Caso aprovado na subcomissão, o parecer seguirá para a Comissão de Constituição e Justiça (CCJ), onde será novamente avaliado. A articulação do governo visa influenciar o resultado da votação, buscando derrubar a manutenção da escala 6×1 e priorizar o bem-estar dos trabalhadores. A ministra das Relações Institucionais, Gleisi Hoffmann, enfatizou a importância de garantir tempo para lazer e família, além da simples redução da jornada.
“O governo quer aqui reafirmar aos parlamentares que a nossa posição é de fim da escala 6 por 1. Nós entendemos que tem que ter qualidade de vida na vida dos trabalhadores”, declarou Gleisi Hoffmann, ressaltando o compromisso do governo com a causa. A ministra destacou que a medida visa proporcionar aos trabalhadores tempo para resolver seus problemas pessoais e desfrutar de momentos de lazer com a família.

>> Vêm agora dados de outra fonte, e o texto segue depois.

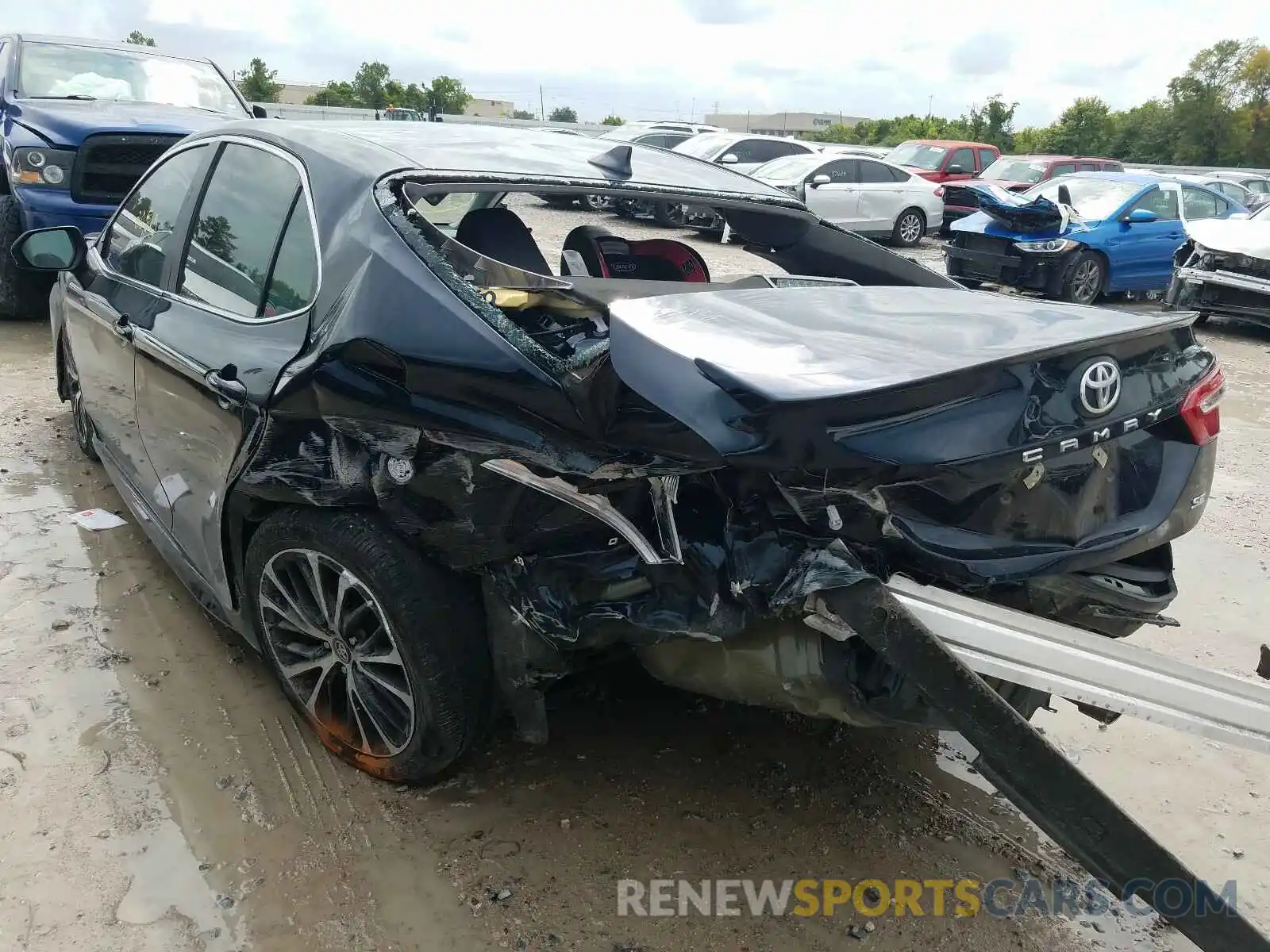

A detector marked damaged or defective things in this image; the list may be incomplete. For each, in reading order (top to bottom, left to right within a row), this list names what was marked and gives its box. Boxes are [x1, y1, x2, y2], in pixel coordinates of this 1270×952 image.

O ministro da Secretaria-Geral da Presidência, Guilherme Boulos, acompanhado de outros parlamentares engajados na causa, como o deputado Reginaldo Lopes (PT-MG) e a deputada Daiana Santos (PCdoB-RS), reforçou a surpresa com o relatório da subcomissão e a determinação em defender o fim da escala 6×1. “Nós fomos surpreendidos pelo relatório da subcomissão. Então, vamos seguir defendendo essa posição do fim da escala de trabalho 6×1, sem redução do salário, no Parlamento, na sociedade, nas ruas, e dialogar com o conjunto dos parlamentares”, afirmou Boulos.
Boulos ainda destacou o amplo apoio popular à proposta, mencionando pesquisas que indicam aprovação de mais de 70% da população brasileira. A articulação do governo, portanto, busca alinhar a legislação trabalhista com as expectativas da sociedade, promovendo uma jornada de trabalho mais equilibrada e que priorize a qualidade de vida dos trabalhadores.